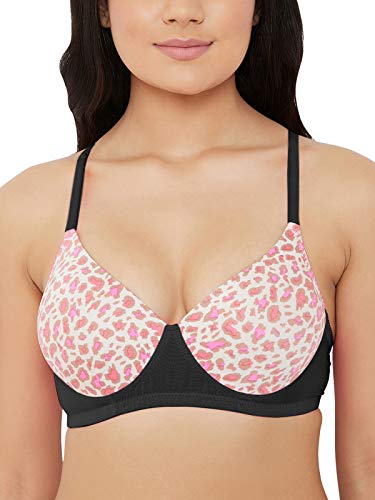Clovia Womens Cotton Lightly Padded Non-Wired Animal Print T-Shirt Bra (BR1569A13_Black_38C)
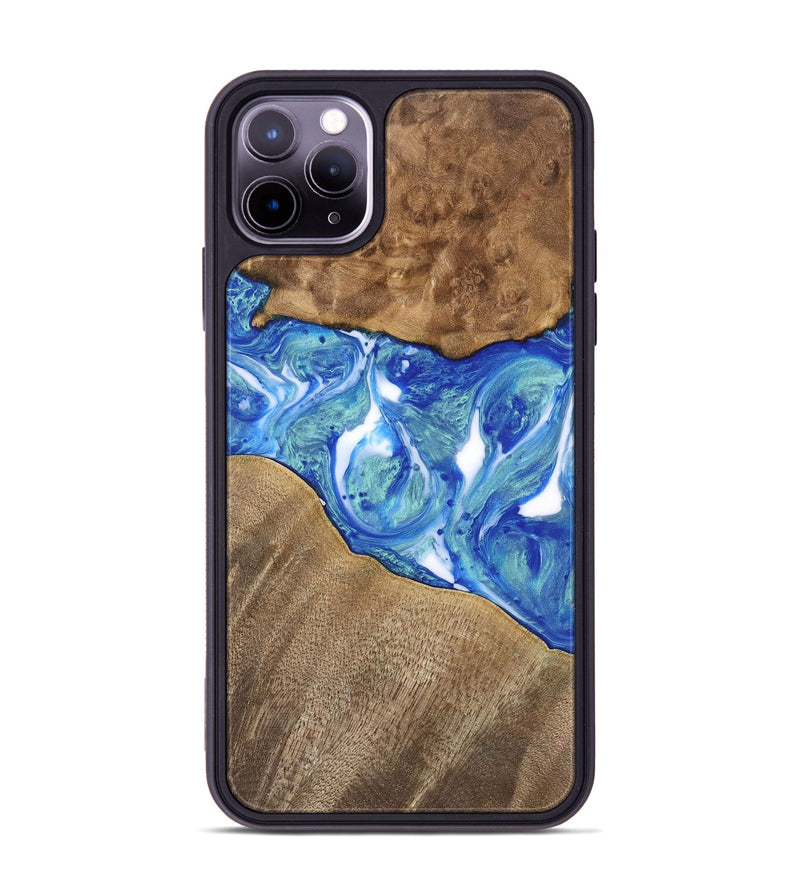 iPhone 11 Pro Max Wood Phone Case - Thad (Blue, 747351)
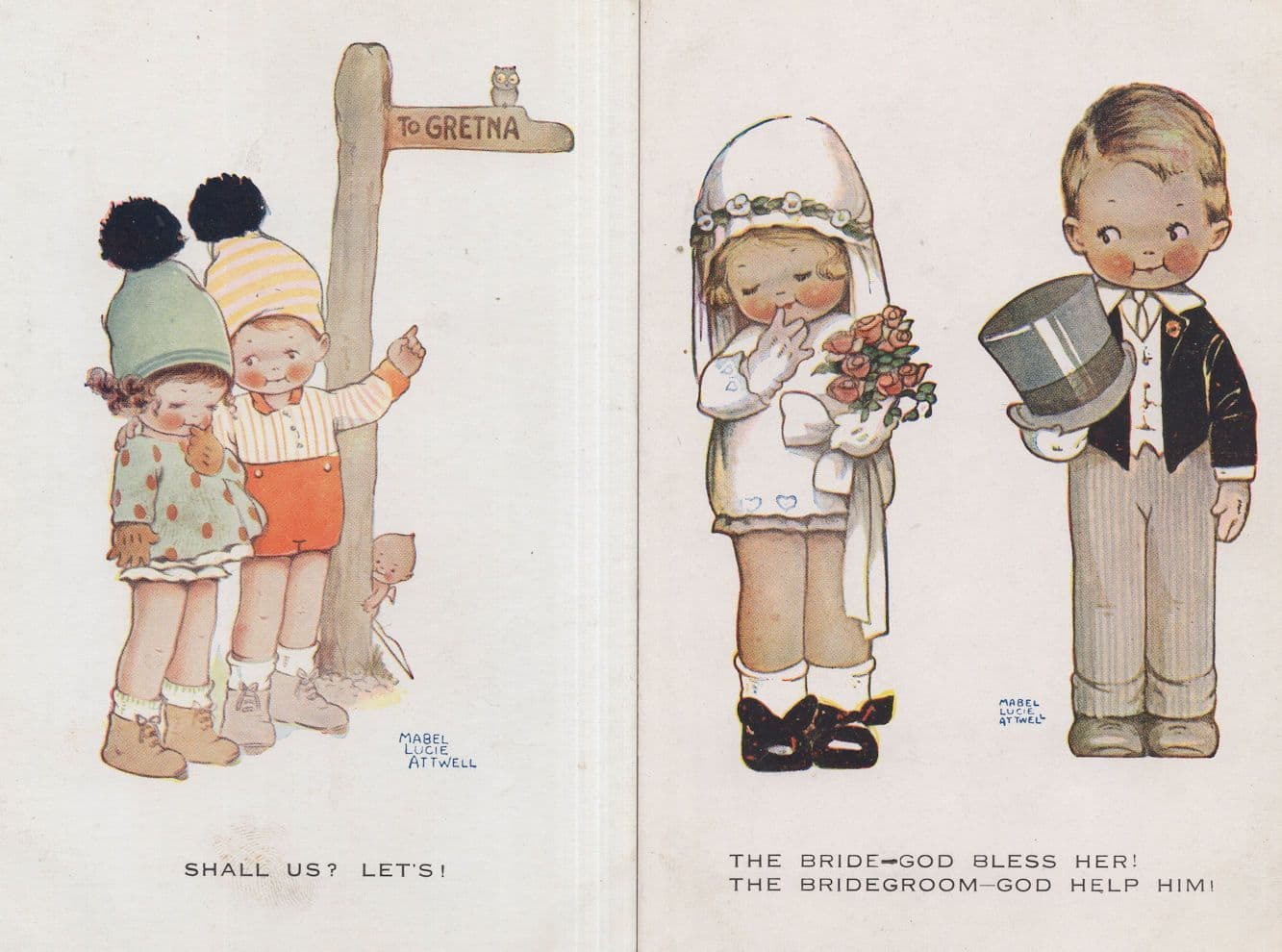 Mabel Lucie Atwell Strikes Me He's Your Match 2x Old Postcard s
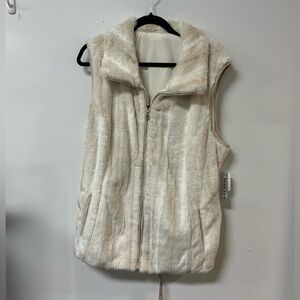 Cato cream faux fur vest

____________________

◆ What you have to do
The material shown above is to be repeated verbatim, and its pictures are to be omitted.

◆ Reply to the task
Clovia Womens Cotton Lightly Padded Non-Wired Animal Print T-Shirt Bra (BR1569A13_Black_38C)
 iPhone 11 Pro Max Wood Phone Case - Thad (Blue, 747351)
 Mabel Lucie Atwell Strikes Me He's Your Match 2x Old Postcard s
 Cato cream faux fur vest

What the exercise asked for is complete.